How many people, out of a total population of 65 million would be affected by this tax increase? Pedder answered: Probably no more than about 3,000 French households will be affected by this.… That’s an absolutely tiny fraction.… So once you start looking at numbers like that, you realize how this is very much a symbolic gesture.
And do the French support the idea? Said Pedder:
I think it’s been incredibly popular. And if I look back over this campaign, I think that it really marked the moment when he sort of touched French hearts about what he was really trying to do. There were polls that were taken immediately after his announcement, which suggested that the majority of the French thought it was a good idea. So he’s not going against the sort of popular mood at all, far from it.
Grandil agrees — the French are different:
French people have an uncomfortable relationship with money. Here, someone who is a self-made man, creating jobs and ending up as a millionaire, is viewed with suspicion. This is big cultural difference between France and the United States.
Some have already left the country for places that don’t punish wealth so severely. In fact, almost anywhere would be a better choice. The United Kingdom’s top tax bracket is 45 percent, Sweden’s is 57 percent, and Belgium’s is 55 percent. A realtor in Brussels thinks Hollande’s proposal is crazy but is enjoying the increase in business as a result. Jean Dekerchove, manager of Immobilier Le Lion, a high-end agency, says that calls since May have picked up considerably:
It is a ridiculous proposal, but it’s great for us. It’s a huge loss for France because people and businesses come to Belgium [which shares its western border with France] and bring their wealth with them.
But we’re thrilled because they create jobs, they buy houses and spend money — and it’s our economy that profits.
Some have already left. Laetitia Casta, a wealthy French model (and a Victoria Secret’s Angel) moved to London while Alain Ducasse, a French chef, became a naturalized citizen of Monaco to take advantage of that principality’s very low tax rates. French singer and actor Johnny Hallyday (nicknamed “the biggest rock star you’ve never heard of”) moved to Gstaad, Switzerland, to escape the high taxes of France.

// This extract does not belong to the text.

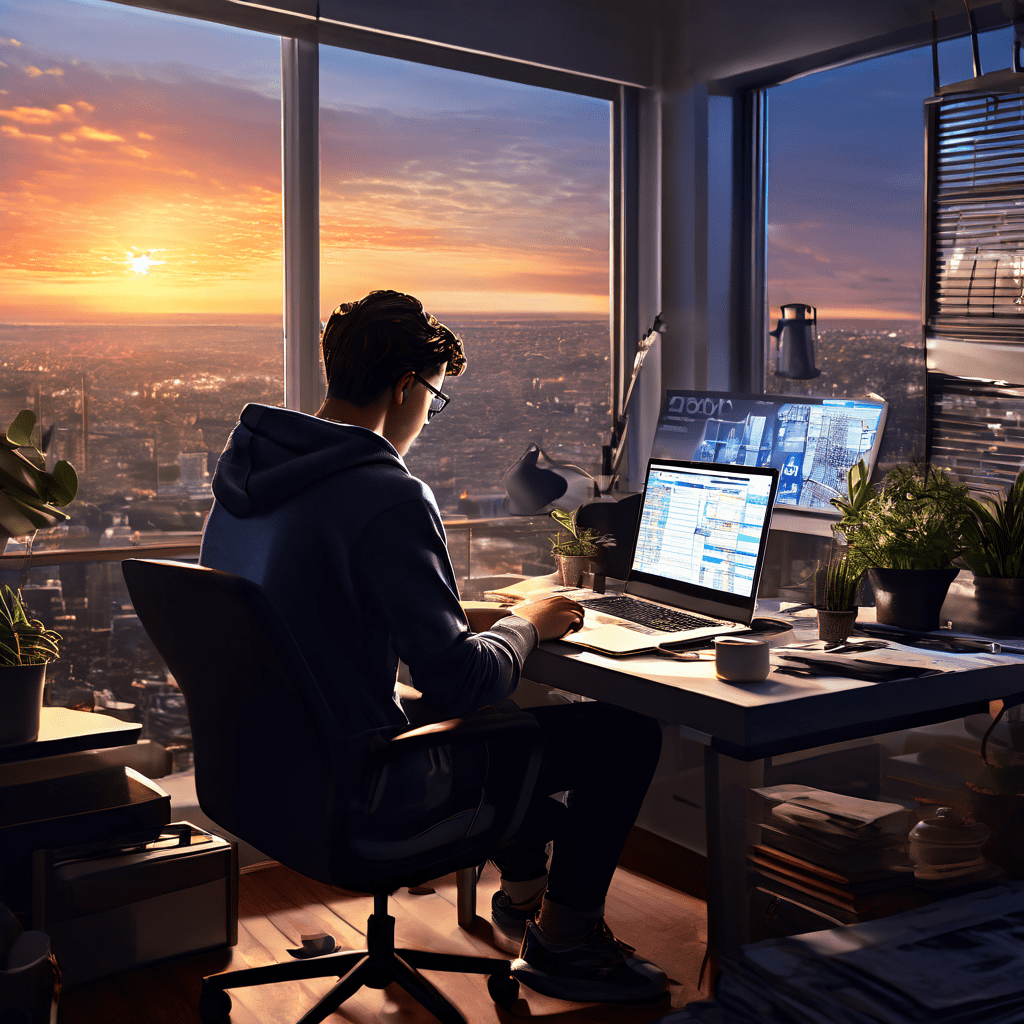 작은 원룸에서 노트북으로 가계부를 꼼꼼히 정리하는 젊은이의 모습 뒤로, 고층 빌딩 모형과 부채 현황 차트가 주택 마련의 꿈과 현실적 부담을 동시에 보여주는 이미지입니다.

Hollande’s proposal is dampening enthusiasm for others to move to France as well. When Pedder was asked about that, she said there is “already … evidence that international companies [in France] that are looking to recruit … foreign senior executives into Paris … are beginning to hear … a bit of apprehension.”
That apprehension is justified. According to the latest index from the Heritage Foundation that ranks countries on the basis of their economic freedom, France comes in at a dismal 63.2, making it the 67th freest country in their 2012 Index.
And while France was just beginning to recover from a recession that followed the Great Recession in the United States, the Bank of France is predicting that it will go into recession again this fall.
But Hollande doesn’t seem to care. His Labour Minister, Michel Sapin, announced in early June plans to fine companies that are thinking of laying off workers severely enough “to make layoffs so expensive for companies that it’s not worth it.”
This of course will ensure that any companies planning to lay off some of their employees will do so immediately before any such mandate goes into effect, as well as ensuring that those too valuable to fire can be moved overseas. Such a mandate will also ensure that any company thinking of hiring new people will give such a decision very careful thought: once hired, never fired!
Hollande must be given credit on at least one point: as a Socialist he thinks that capitalism is evil and must be killed. As president he is now implementing all the plans necessary to do so.